CDC, OSHA Updates Ease COVID-19 Guidance and Recommendations
Author: Robert S. Teachout, XpertHR Legal Editor
December 30, 2021
The CDC announced it has shortened its recommended COVID-19 isolation and quarantine periods, while OSHA updated its FAQs on allowing employees who choose not to be vaccinated to self-administer over-the-counter (OTC) COVID tests to comply with the Emergency Temporary Standard (ETS) testing requirements.
CDC Quarantine and Isolation Guidance
On Monday, the CDC shortened the recommended isolation and quarantine periods for persons infected with COVID-19 or who have been in close contact with an infected person. Isolation relates to behavior after a confirmed infection; quarantine refers to the period following exposure to the virus or close contact with someone known to have COVID-19.
The isolation period is reduced from 10 to five days for persons with COVID-19 who are asymptomatic, followed by five days of wearing a mask. Infected persons with symptoms or who have not been fever-free for at least two days must still isolate for 10 days.

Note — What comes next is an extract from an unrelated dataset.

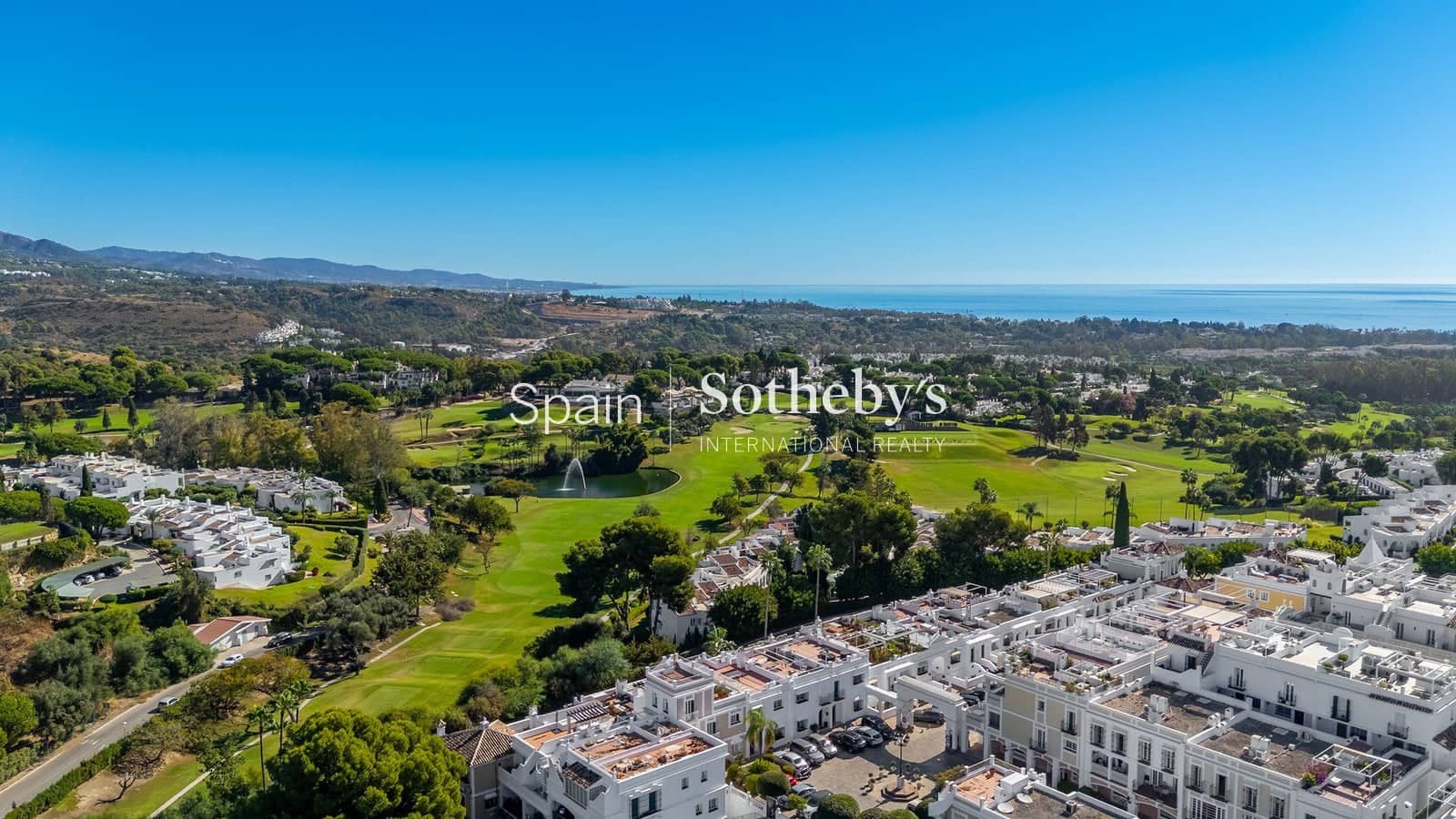 3 Zimmer Doppelhaus zu verkaufen in Aloha Golf mit Pool Garage - 995.000 € (Ref: 9578211)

The updated isolation period applies regardless of a person's vaccination status.
Persons exposed to COVID should wear a mask when they are around others for 10 days, but do not need to quarantine if they:
- Have received a booster shot; or
- Completed the primary series of Pfizer or Moderna vaccine within the last six months; or
- Completed the Johnson & Johnson vaccine within the last two months.
Otherwise, an individual exposed to COVID-19 should quarantine for five days, followed by wearing a mask for five days. Those who cannot quarantine should wear a mask for 10 days when around others.
In all cases, the CDC recommends that those in isolation or quarantining get tested on the fifth day, if possible.
The CDC stated that changes are motivated by science showing that the majority of COVID-19 transmission occurs early in the course of illness, generally up to two days before symptoms appear and three days after. "CDC's updated recommendations for isolation and quarantine balance what we know about the spread of the virus and the protection provided by vaccination and booster doses," said CDC Director, Dr. Rochelle Walensky. "These updates ensure people can safely continue their daily lives."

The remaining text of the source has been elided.